With a host of talented sophomores and freshmen seeing minutes around them, those two senior presences are even more important on the floor and even as voices from the bench.

“We were definitely excited to get both of them,” Kosmalski said. “I didn’t imagine they would evolve quite like this, and that’s to their credit...they just play like all-Americans. It’s just unbelievable to have them out there.”

The idea of an All-American at Swarthmore was crazy when Kosmalski took over, but recently-graduated Cam Wiley became the program’s first, earning third-team honors in 2016-17 and first-team honors this past season, while O'Dell was a third-team mention as a junior. Swarthmore’s program overall has reached new heights each year since Shafer and O’Dell committed, going from that team striving to reach .500 to one that’s fresh off a national championship game appearance, its third-straight March Madness trip after having never been before.

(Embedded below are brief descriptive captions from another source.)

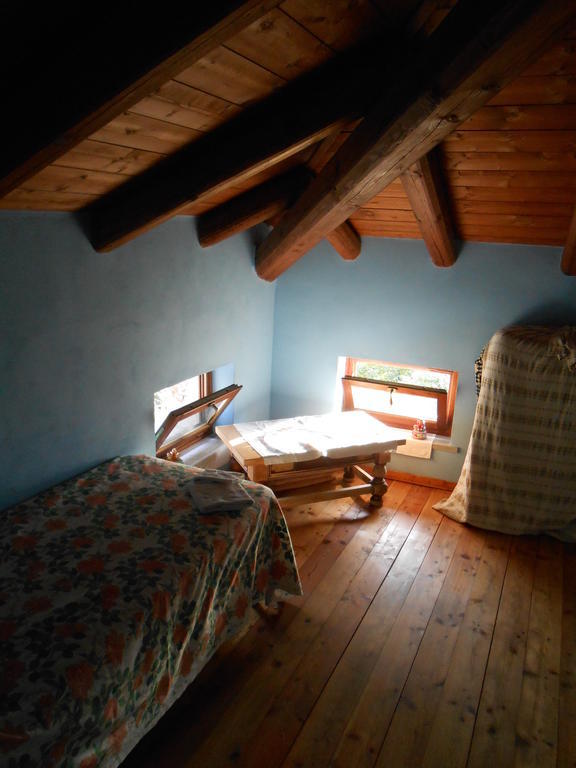 Azienda Agrituristica Risveglio Naturale Varese Ligure Rom bilde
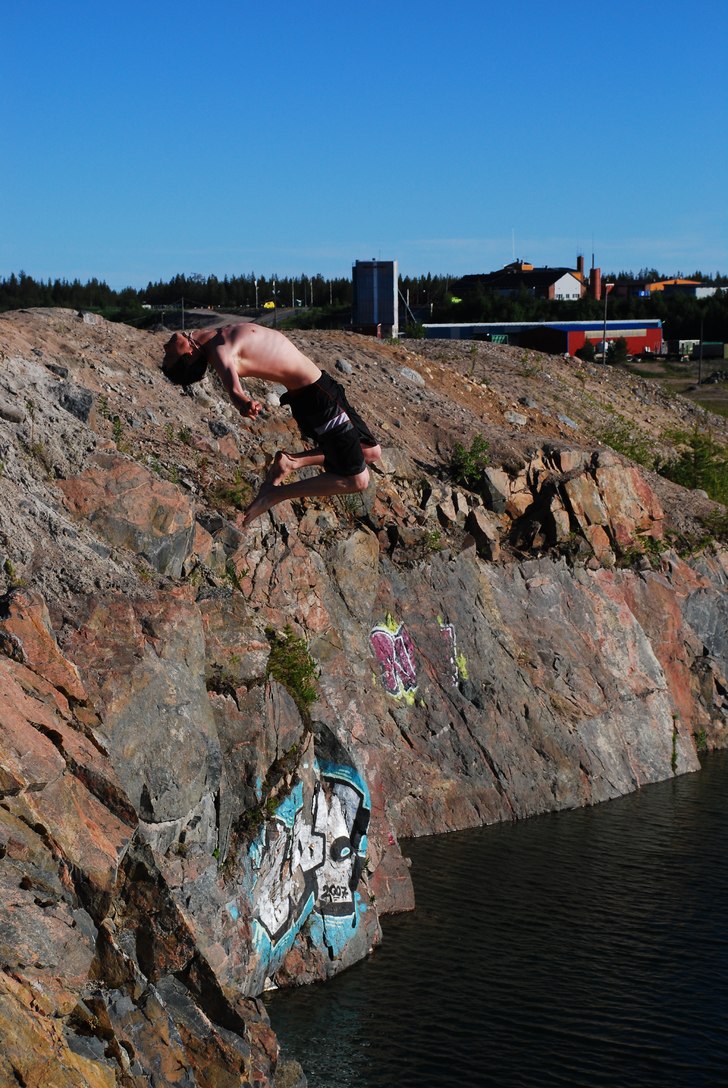där hänger jag i luften å "vilar". Foto: nån. Åkare: alric.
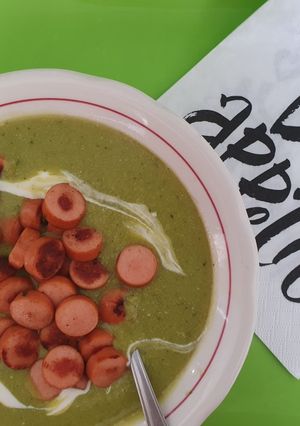 Mentás lime-os zöldborsókrémleves #golden2 recept fotója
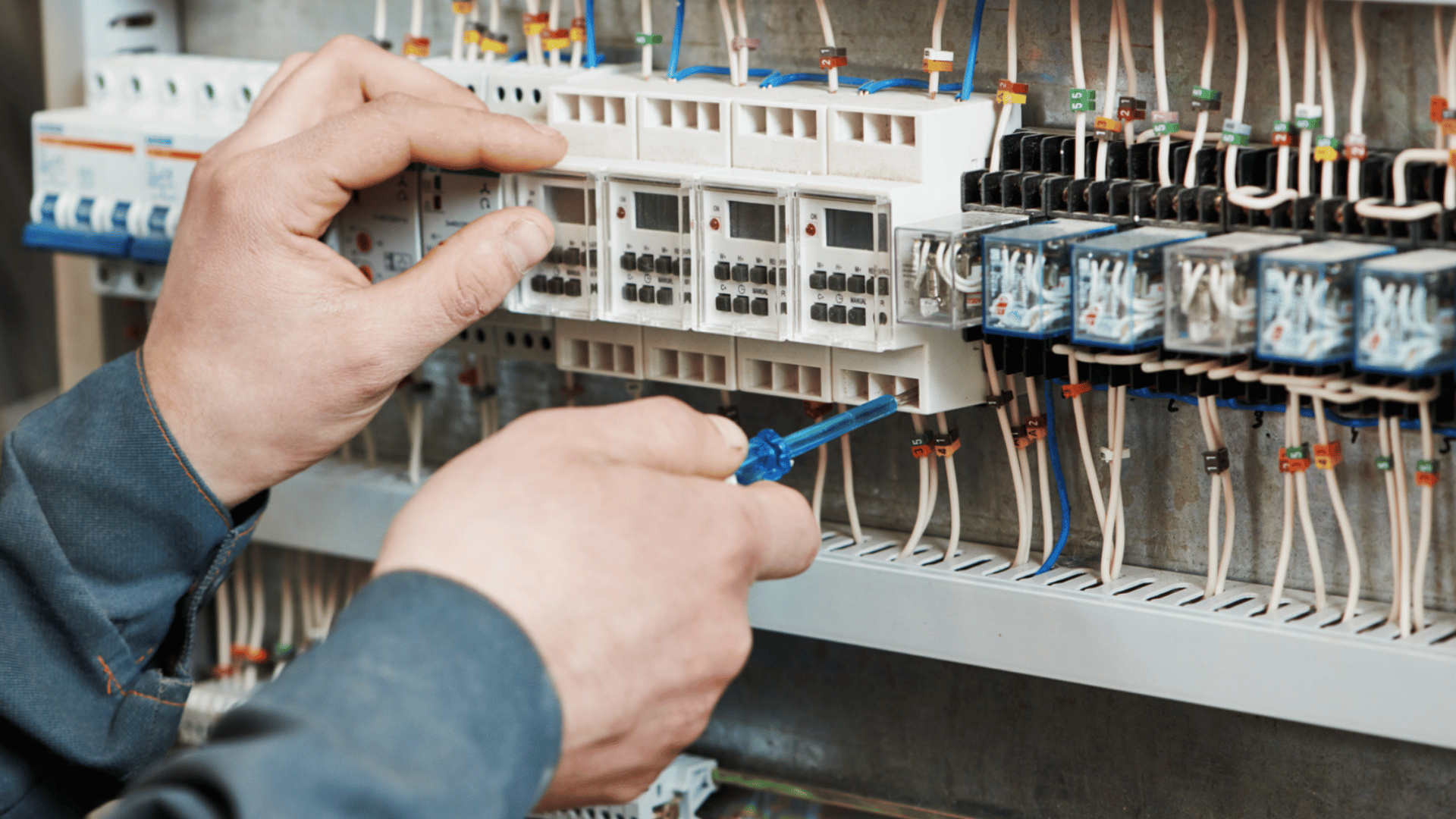 ¿Por qué somos los mejores electricistas de Zaragoza? - Desarrollos Integrales Lumijisa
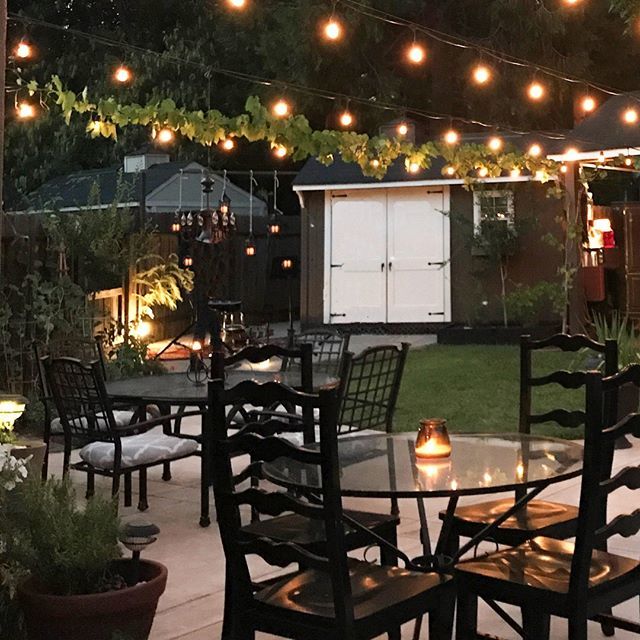 Tahni's tweet image. I hope you are all enjoying your Saturday night!
.
.
.
#backyard #smallbackyard #patio #patiodecor #bistrolights #grapevines #growyourown #garden #gardener #growsomethinggreen #ediblelandscaping #cottage #urbancottage #cottagelife #urbancottageliving #co… ift.tt/2JTFccF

Shafer and O’Dell came to a program on the rise; no matter what, they’ll leave one that’s just about at the pinnacle of Division III hoops.

“Once I figured out what we were all about in terms of the culture and how we do things as a group, every single day, none of what we’ve done has been surprising,” Shafer said. “That’s a byproduct of the stuff we do every day in practice, and it’s an expected result for us, the success.”

“It’s always been the goal, from day one, it’s always been the goal to win the regular season, win the conference championship, win the national championship,” O’Dell said. “As soon as I got on campus, that was the goal. 

“I don’t think I would have believed it if you told me day one, but seeing the culture we have now, and seeing the group of guys we have, it’s definitely something we can do.”

After the season ends, and their final semesters of college wrap up, O’Dell and Shafer have some different plans. Shafer intends on seeing if he can continue his professional career abroad, as several other recent Swarthmore grads have done –– another new path for Garnet hoopers. 

O’Dell has different plans: a Ph.D. in Chemistry, which means another half-decade (and likely more) of courses and research, with a to-be-determined career at the end. He’s already been published, co-authoring a paper with Swarthmore professor Kathryn R. Riley (and several others) entitled In Situ Quantification of Silver Nanoparticle Dissolution Kinetics in Simulated Sweat Using Linear Sweep Stripping Voltammetry. (“Understand it? I could barely pronounce the title of the article,” Kosmalski quipped.)

Before that all happens, they’ve got plenty of basketball left to play in Garnet uniforms. Centennial Conference play starts in earnest soon, with Ursinus (4-2), Gettysburg (6-0) and No. 22 Johns Hopkins (6-0) all coming up in the next 10 days.

The 6-0 start is nice, but it doesn’t take many losses to wind up on the wrong side of the Division III bubble, and the Centennial is shaping up to be one of the most competitive races around, with four teams still unbeaten on the season. So, that current No. 1 ranking next to the Garnet’s name?

“It really means nothing right now,” O’Dell said. “We want to be No. 1 at the end of the year.”